[Captioned web image data]

-------

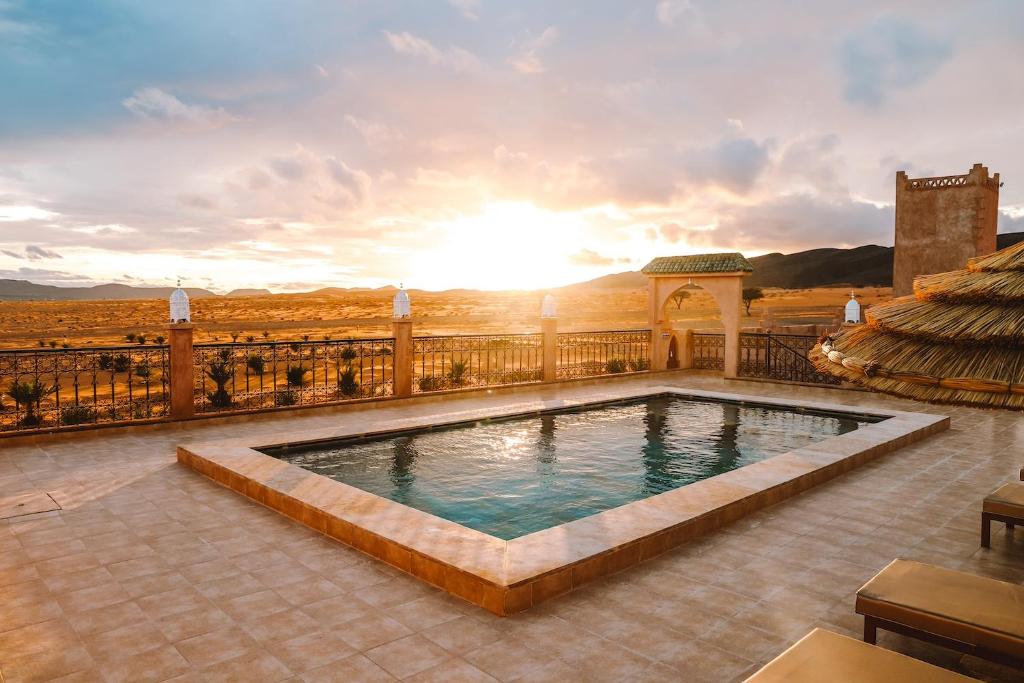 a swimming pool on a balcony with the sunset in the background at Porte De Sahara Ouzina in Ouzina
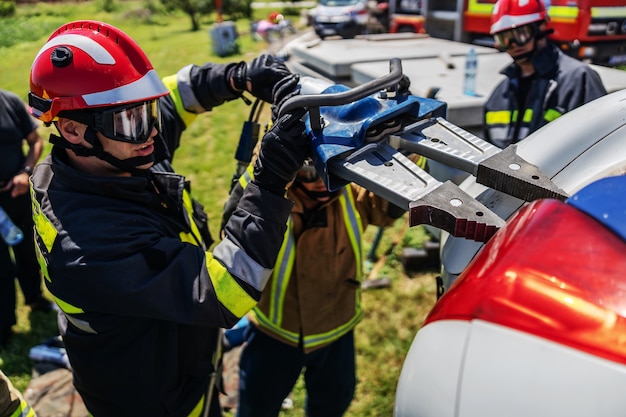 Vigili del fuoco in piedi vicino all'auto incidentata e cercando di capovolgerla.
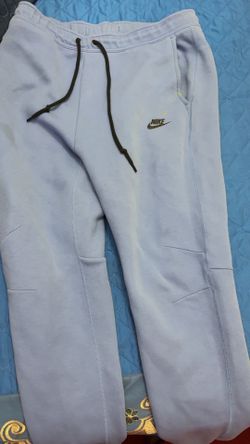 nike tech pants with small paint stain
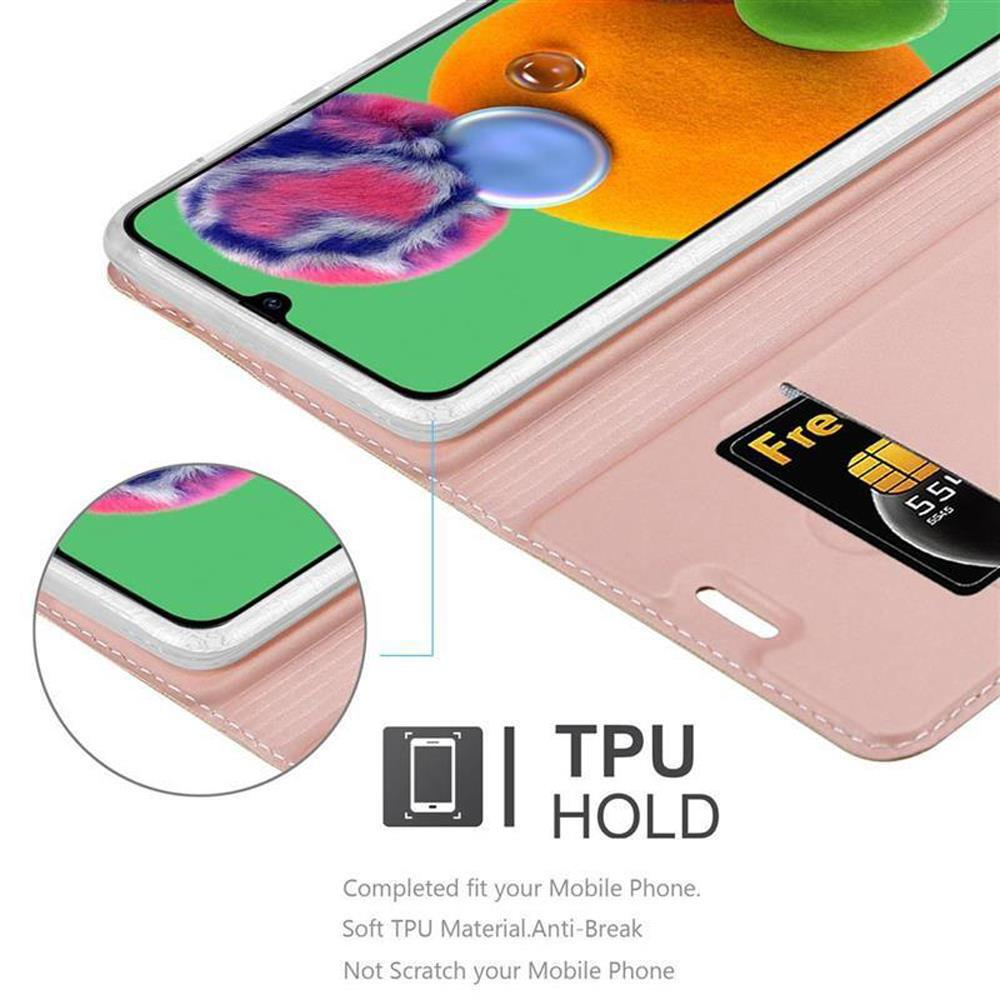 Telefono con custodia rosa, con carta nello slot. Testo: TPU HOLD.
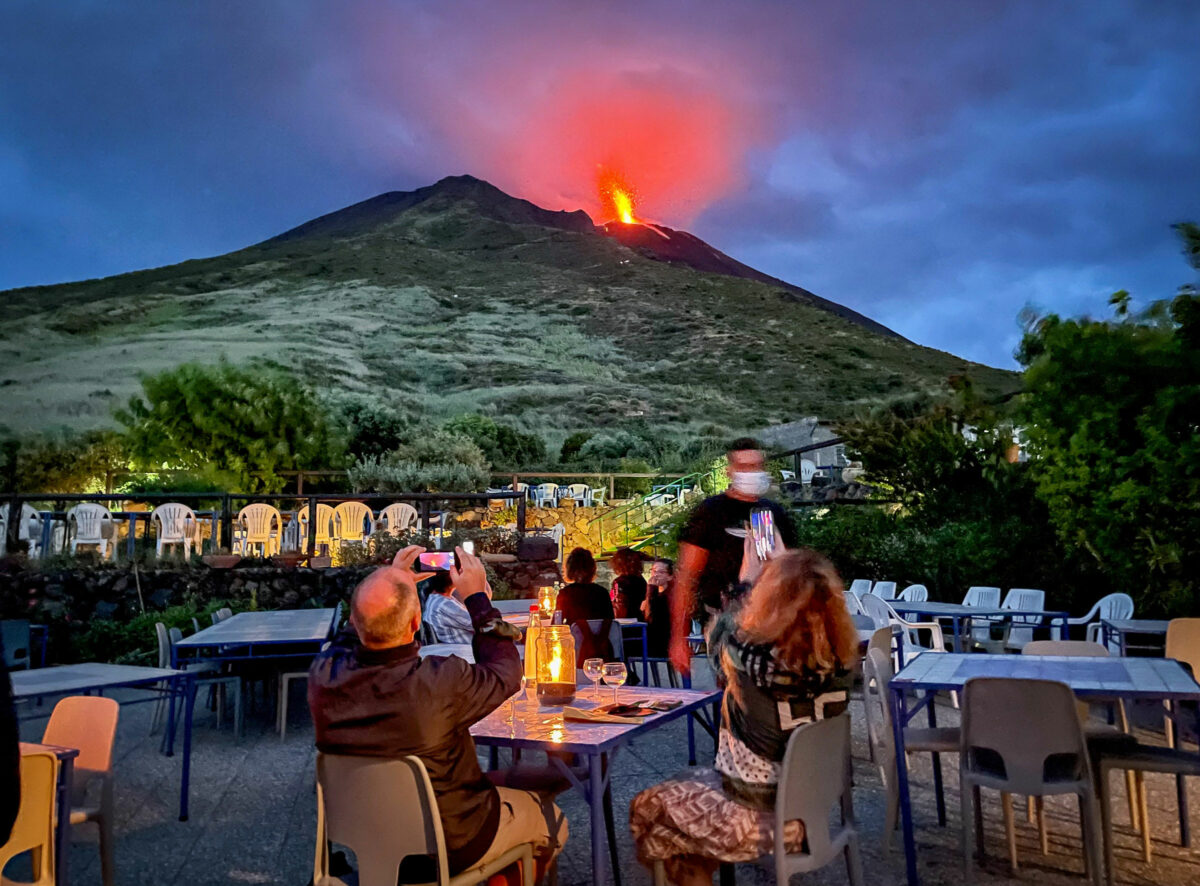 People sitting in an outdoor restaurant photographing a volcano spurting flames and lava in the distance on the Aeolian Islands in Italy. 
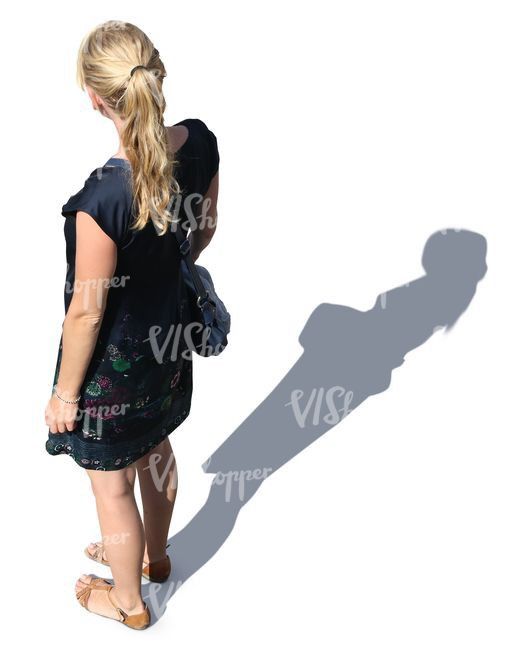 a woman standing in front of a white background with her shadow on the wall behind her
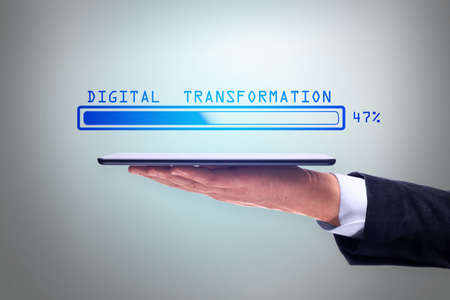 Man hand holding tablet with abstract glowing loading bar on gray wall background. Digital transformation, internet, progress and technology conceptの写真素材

-------

> **Your goal**
I would like the data above transcribed exactly, with its pictures left out.

> **Task solution**
 a swimming pool on a balcony with the sunset in the background at Porte De Sahara Ouzina in Ouzina
 Vigili del fuoco in piedi vicino all'auto incidentata e cercando di capovolgerla.
 nike tech pants with small paint stain
 Telefono con custodia rosa, con carta nello slot. Testo: TPU HOLD.
 People sitting in an outdoor restaurant photographing a volcano spurting flames and lava in the distance on the Aeolian Islands in Italy. 
 a woman standing in front of a white background with her shadow on the wall behind her
 Man hand holding tablet with abstract glowing loading bar on gray wall background. Digital transformation, internet, progress and technology conceptの写真素材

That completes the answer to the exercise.